L’Essentiel : Le 05 juin 2024, [U] [S] a reçu une obligation de quitter le territoire français, suivie d’un placement en rétention administrative le 19 décembre 2024. Le juge a prolongé cette rétention pour vingt-six jours, puis une nouvelle demande de prolongation a été faite le 17 janvier 2025. Malgré l’appel de [U] [S], arguant d’un manque de mesures pour son départ, la préfecture a soutenu avoir agi avec diligence. Finalement, l’appel a été jugé recevable, mais rejeté, confirmant la prolongation de la rétention, considérée conforme aux exigences légales du CESEDA.
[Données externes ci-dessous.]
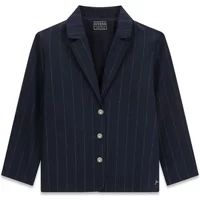 Blazer, Mädchen Guess Pinstripe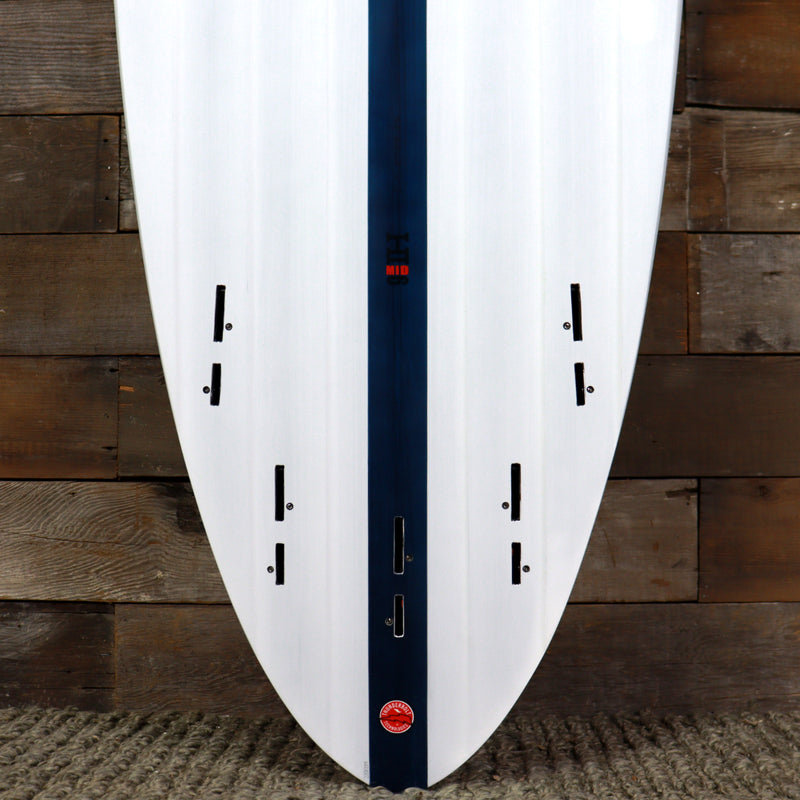 Load image into Gallery viewer, Harley Ingleby Series Mid 6 Thunderbolt Red 7&#39;6 x 21 x 2 ¾ Surfboard - White/Blue
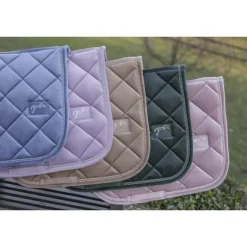 Tapis de selle New Strass - Vert Foncé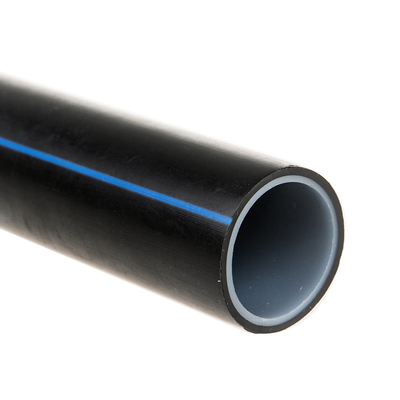 تم تقديم عينة أنابيب إمدادات المياه من HDPE مع اتصال المفاصل 5.8m الطول وأكثر
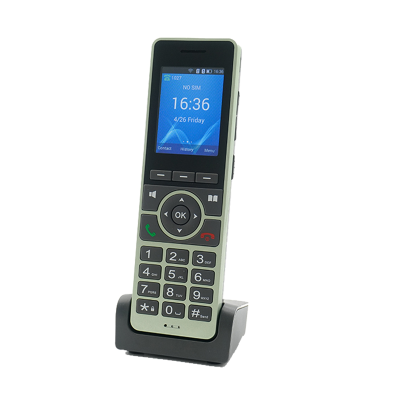 ODM OEM for Call Center 2.4" Screen Dual SIM Card Slot 4g Full Bands Wifi Bluetooth Conference Voip Ip Phone Systems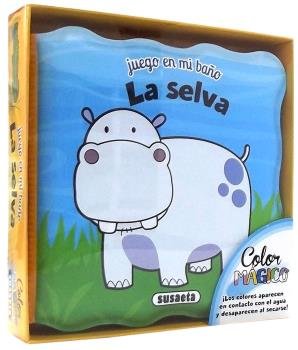La selva, de Susaeta, Equipo | portada del libro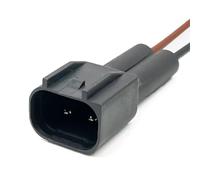 Conector La Bobina Encendido Compatible Con Ford 7283-8220 Conectores Cable Eléctrico Bobina Encendido Altavoz Central Rango Medio Coche 2 Pines Enchufe Mazo Cables(2Pin Male)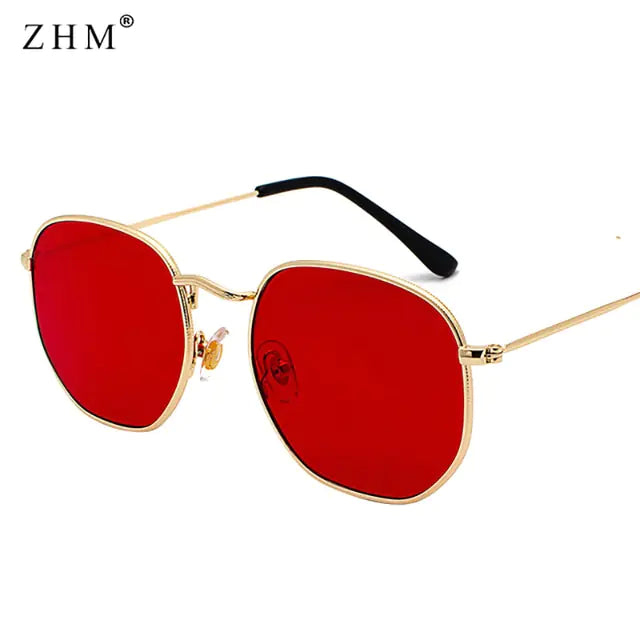 Metal Frame Sunglasses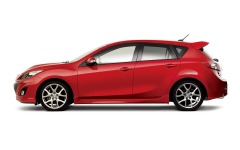 Desktop wallpaper. Mazda 3 MPS 2010. ID:18455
Notification de l’obligation de quitter le territoire

Le 05 juin 2024, [U] [S] a reçu une obligation de quitter le territoire français sans délai, émise par le préfet de l’Ardèche.

Placement en rétention administrative

Le 19 décembre 2024, l’autorité administrative a décidé de placer [U] [S] en rétention dans des locaux non pénitentiaires pour faciliter l’exécution de la mesure d’éloignement.

Prolongation de la rétention

Le juge a prolongé la rétention administrative de [U] [S] pour une durée de vingt-six jours par ordonnance du 22 décembre 2024, confirmée en appel le 24 décembre 2024.

Nouvelle demande de prolongation

Le 17 janvier 2025, le préfet du Rhône a demandé au tribunal judiciaire de Lyon une nouvelle prolongation de la rétention pour trente jours, requête à laquelle le juge a accédé le 18 janvier 2024.

Appel de [U] [S]

Le même jour, [U] [S] a interjeté appel de cette ordonnance, arguant que le préfet n’avait pas pris les mesures nécessaires pour organiser son départ durant le premier mois de sa rétention.

Observations des parties

Le 19 janvier 2024, les parties ont été informées que le magistrat envisageait d’appliquer les dispositions du CESEDA concernant l’absence de circonstances nouvelles justifiant la prolongation de la rétention.

Arguments de la préfecture

L’avocat de la préfecture a soutenu que des diligences avaient été effectuées pour organiser l’éloignement de [U] [S], tandis que ce dernier n’a pas formulé d’observations en réponse.

Recevabilité de l’appel

L’appel de [U] [S] a été jugé recevable, conformément aux formes et délais légaux.

Obligations de l’autorité administrative

L’article L. 741-3 du CESEDA stipule que la rétention ne peut excéder le temps strictement nécessaire à l’éloignement, et que l’administration doit agir avec diligence.

Conditions de prolongation de la rétention

Le juge peut prolonger la rétention au-delà de trente jours dans des cas spécifiques, tels que l’urgence ou l’impossibilité d’exécuter la décision d’éloignement.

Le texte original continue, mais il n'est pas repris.